La gran mayoría de los que celebraron la muerte de Le Pen probablemente no se hacen ilusiones sobre los efectos de su desaparición. Su muerte era esperada y deseada, porque había algo exasperante en ver sobrevivir durante tanto tiempo a un torturador de argelinos, a un promotor tan asiduo del racismo, el masculinismo y la homofobia, y al hombre que consiguió dar al proyecto fascista una audiencia de masas en la sociedad francesa. Le ayudaron a ello las políticas neoliberales, que intensificaron todas las formas de competencia en la sociedad francesa a partir de los años 80, pero también la deriva de la derecha, que radicalizó a su electorado, y las traiciones de la izquierda, que desmovilizó al suyo.

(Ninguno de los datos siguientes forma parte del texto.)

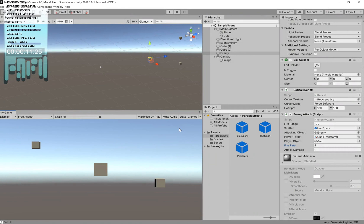Hello again, this is Press Any Button and here we are in our Rail Shooter series with a new part. Today we're going to be implementing a little bit of feedback for our player when they take damage. We're going to have a flash on the screen and an effect come out of the screen to notify our player that they've been hit.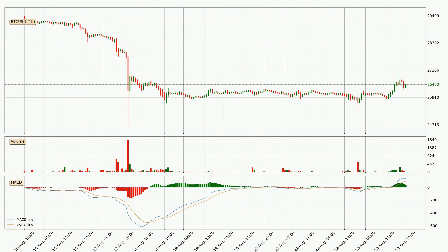Looking at the hourly MACD, the MACD line is above the signal line, which shows that the current trend is on the upside. But according to the MACD histogram, we can see that the momentum is going down. Owing to this, we can expect the price to remain stable and you should wait and see if the MACD line will cross the signal line, which would indicate a downward trend.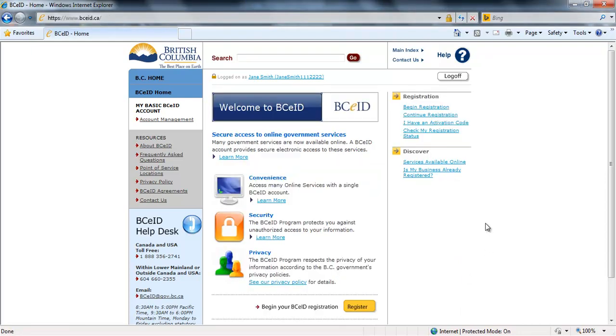Always keep your BCEID username and password safe. This information allows you to access your personal and confidential information online and should never be shared. The Ministry will never ask you to provide your password.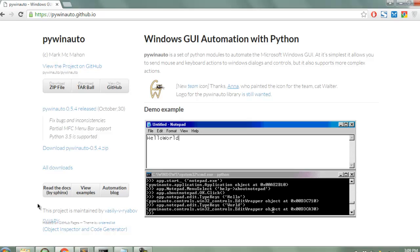Hi there, so in this video I'm going to show you Windows GUI automation with Python using PyWinAuto. This is the library that allows you to automate some of the Windows applications as well as some of the actions that you can automate on Windows.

Le Pen supo aprovechar la oportunidad que abrió la crisis de representación política iniciada en los años 1980, no solo porque existía un vacío, sino porque logró encontrar los caminos para desarrollar una política de masas basada en la visión del mundo propia de la extrema derecha. Y es precisamente este último aspecto el que más debería importarnos: no las despreciables declaraciones realizadas por Jean-Marie Le Pen a lo largo de su dilatada carrera, destinadas a provocar y permitirle volver una y otra vez al centro del juego político, sino la forma en que consiguió transformar la obsesión nacionalista, el resentimiento racista y la nostalgia colonial en una fuerza política y electoral.

Esto es lo que permanece vivo en la política del FN/RN, independientemente de lo que se explicite en el programa electoral del partido, que sus dirigentes habrán olvidado rápidamente en cuanto lleguen al poder.

Esto señala el principal reto de la izquierda, en Francia y fuera de ella: encontrar (o redescubrir) la vía hacia la política de masas. Desde este punto de vista, el antilepenismo en sentido estricto es un callejón sin salida. En esta fase de su evolución, no se puede hacer frente a la extrema derecha únicamente bajo esta forma estrictamente reactiva y defensiva, ya se trate de un antifascismo «republicano» (que aspira a defender las instituciones contra los fascistas y pretende que las instituciones nos defiendan contra los fascistas) o de un antifascismo más radical cuyo principal objetivo es impedir que los fascistas aparezcan públicamente y constituyan una fuerza militante.

Por supuesto, cuando los fascistas intentan arraigarse localmente (en un barrio, un pueblo, una ciudad, una universidad, una empresa o una asociación), es crucial impedir su avance mediante la movilización más amplia y decidida posible. Pero cuando la extrema derecha está a las puertas del poder, cuando aparece para una parte importante de la población como la principal fuerza política capaz de poner fin a la gran empresa de brutalización macronista, no se puede hacer retroceder sin disputarle ese rol, sin ofrecer una solución a la crisis política, sin, en definitiva, aspirar al poder con una orientación de ruptura con el orden socio-racial establecido. Este es el desafío que debemos asumir en los próximos meses y años.